# axis doors



## icerock drywall (Nov 13, 2010)

skim coating m 2nd coat to an axis door.
my next one will be made from tt


----------



## silverstilts (Oct 15, 2008)

You can use a access door such as this it is much easier to finish. Either order vinyl or metal. I used to work for a contractor that used them on the ceiling for the access which was so much nicer than beading and finishing over rocked access openings.

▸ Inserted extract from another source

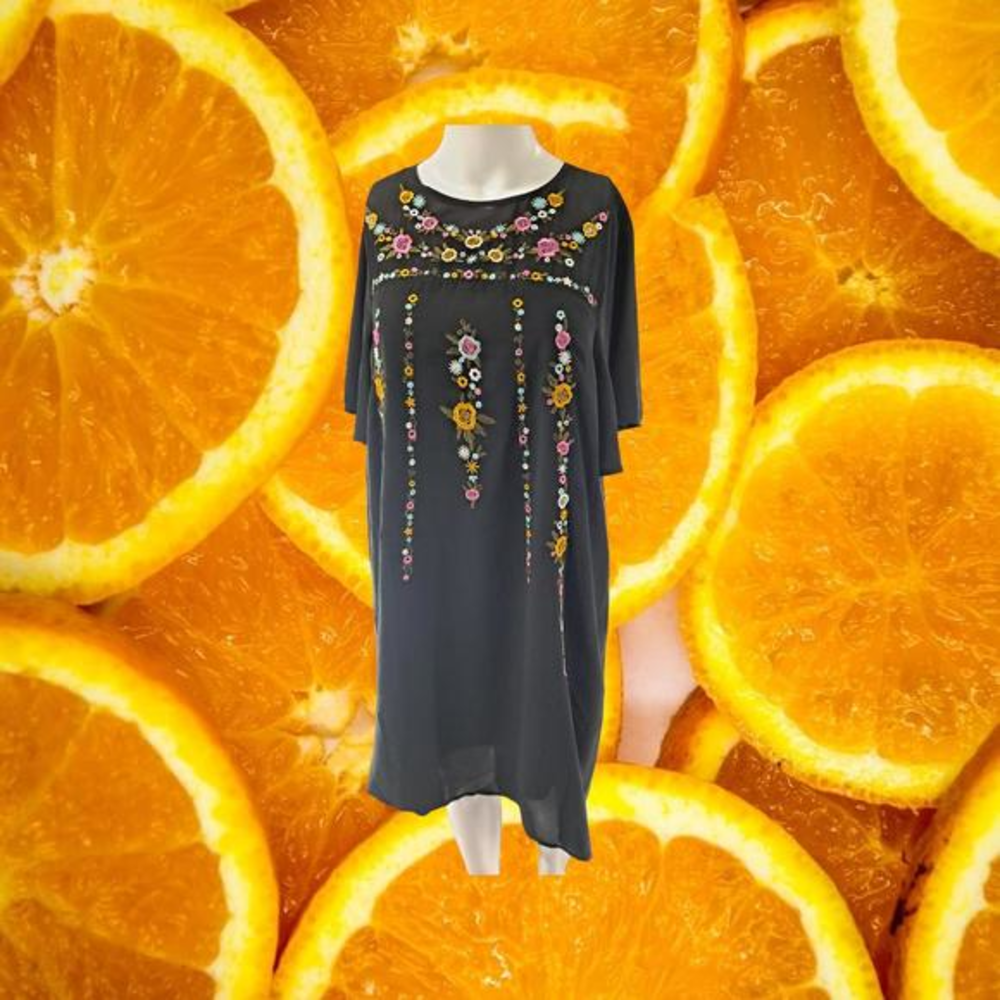 Entro Black Dress‎ with Embroidered Flowers and Sheer Back Size Large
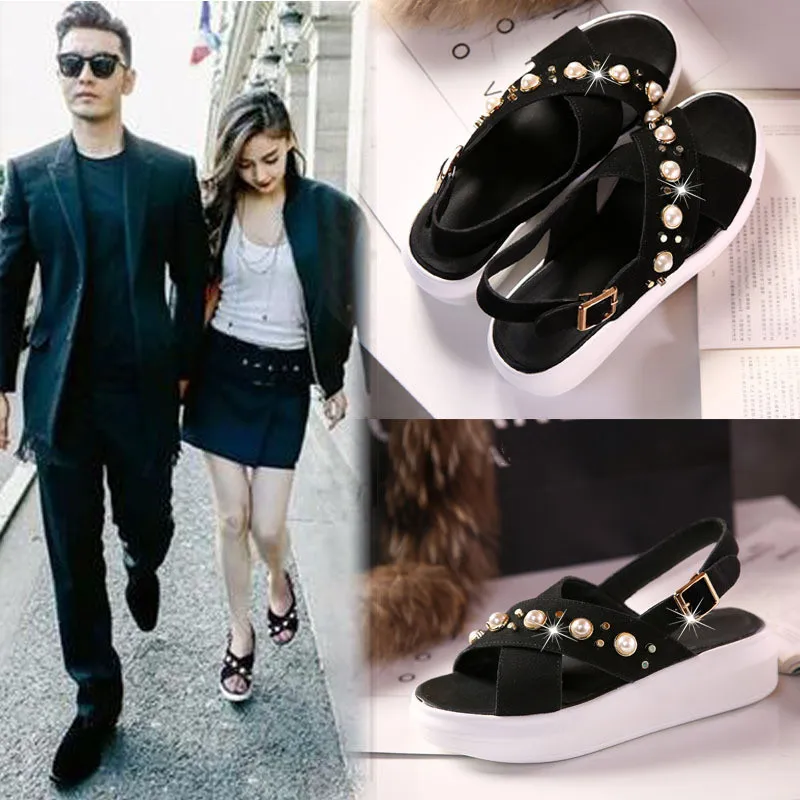 

gladiator sandals women Med belt fastener Solid Rome Pure colour korean style wedge pearl shoes strappy heels schoenen Flat new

Many sizes to fit your needs.http://www.supplyhouse.com/Acudor-P...-Access-Door?gclid=COrJ_7q-6r4CFRQmMgodigUAXQ


----------



## icerock drywall (Nov 13, 2010)

silverstilts said:


> You can use a access door such as this it is much easier to finish. Either order vinyl or metal. I used to work for a contractor that used them on the ceiling for the access which was so much nicer than beading and finishing over rocked access openings. Many sizes to fit your needs.http://www.supplyhouse.com/Acudor-P...-Access-Door?gclid=COrJ_7q-6r4CFRQmMgodigUAXQ


that is what this one is...I just cut the plaster back and ff it in.


----------



## Corey The Taper (Mar 18, 2014)

Ohh I see you took the plywood off and put the access door. Did you mud it ontop what if it needs to be opened


----------



## icerock drywall (Nov 13, 2010)

no..I ff over the lip you screw to the wall.. so all you see is the door :thumbup:


----------



## silverstilts (Oct 15, 2008)

I see now , the hole is cut out more then the plywood size going back to the corner where the person door is. 

Vinyl is the best to go over and finish, metal ones if done by an inexperienced carpenter they usually twist the flange all to hell by screwing it or fastening it improperly making it harder to coat.


----------



## icerock drywall (Nov 13, 2010)

3rd coats going on


----------